The character Major Tom originated with “Space Oddity” released in 1969. The song itself was influenced by Stanley Kubrick’s film 2001: A Space Odyssey. In a 2011 biography, Bowie stated, “I went stoned out of my mind to see the movie and it really freaked me out, especially the trip passage.”

Additionally, the Apollo 8 Earthrise photograph, as well as the loneliness and isolation that came after a breakup, inspired the song. The story of Major Tom begins as his spacecraft malfunctions. Ground Control tries to tell him something is wrong, but he doesn’t hear the warning. Instead, he floats on in his “tin can” awaiting a lonely death.

“At the end of the song Major Tom is completely emotionless and expresses no view at all about where he’s at,” Bowie once said, as quoted in a 2016 biography. “He’s fragmenting … at the end of the song his mind is completely blown – he’s everything then.”

“Ashes To Ashes”

“Ashes To Ashes” serves as the sequel to “Space Oddity”, subtly adding more to Major Tom’s story. It featured on the 1980 album Scary Monsters (And Super Creeps).

In “Ashes To Ashes”, Major Tom has succumbed to drug addiction, playing off of David Bowie’s own experiences with drugs. The astronaut floats aimlessly in space, strung out and isolated. Ground Control receives a message from him, telling them he’s “Strung out in heaven’s high / hitting an all-time low.”

Major Tom reflects on his life in space, his actions, and downfalls. He wishes to be released from his “caged psyche,” expressing hope for the future, but everyone ignores his pleas. “We come to him 10 years later and find the whole thing has soured, because there was no reason for putting him up there,” Bowie once explained, quoted in the 2019 book The Songs Of David Bowie.

“Hallo Spaceboy”

This song featured on the 1995 album Outside. The original composition doesn’t directly reference Major Tom by name, but in a remix with The Pet Shop Boys, they added a bit that explores more of Major Tom’s fate.

Originally, “Hallo Spaceboy” was an angry, industrial metal type song. But the remix turned it from a weathered cry against chaos into a cry for help from an isolated astronaut. The Pet Shop Boys remixed lyrics from “Space Oddity”, adding an extra verse and their typical electronic sound.

The duo added the lyrics “Ground to Major, bye bye Tom / dead the circuit, countdown’s wrong / Planet Earth is control on?” Neil Tennant of Pet Shop Boys explained the addition as a completion of the Major Tom trilogy.

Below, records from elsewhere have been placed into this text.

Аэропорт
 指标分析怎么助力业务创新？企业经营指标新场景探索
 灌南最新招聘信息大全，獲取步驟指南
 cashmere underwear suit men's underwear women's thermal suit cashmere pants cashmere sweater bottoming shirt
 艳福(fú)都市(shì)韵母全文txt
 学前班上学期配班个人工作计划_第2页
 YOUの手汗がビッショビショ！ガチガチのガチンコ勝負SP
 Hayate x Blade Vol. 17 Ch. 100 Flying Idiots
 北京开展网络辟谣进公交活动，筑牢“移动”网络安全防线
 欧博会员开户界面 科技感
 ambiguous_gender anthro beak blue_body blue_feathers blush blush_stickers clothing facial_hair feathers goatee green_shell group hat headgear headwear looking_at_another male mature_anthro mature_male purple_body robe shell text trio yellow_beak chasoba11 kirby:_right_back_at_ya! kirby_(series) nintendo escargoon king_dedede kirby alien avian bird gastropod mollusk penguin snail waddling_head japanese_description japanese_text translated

“I said to [Bowie], ‘It’s like Major Tom is in one of those Russian spaceships they can’t afford to bring down,’” Tennant told NME in 2017, “And he said, ‘Oh wow, is that where he is?’”

“Blackstar”

This conclusion to Major Tom’s story comes in the form of the “Blackstar” music video as opposed to lyrics. The song served as the title track to David Bowie’s final album, released in 2016, two days before his death.

In the music video, there’s a scene of a dead astronaut. An alien woman retrieves his jeweled skull and takes it back to her colony, where they worship it with cult-like adoration. In a sense, this could represent Major Tom’s fate, closing the book on what happened to him after years of isolation and addiction.

For the video’s director, Johan Renck, this was obvious. “To me, it was 100% Major Tom,” he said in a 2017 BBC documentary.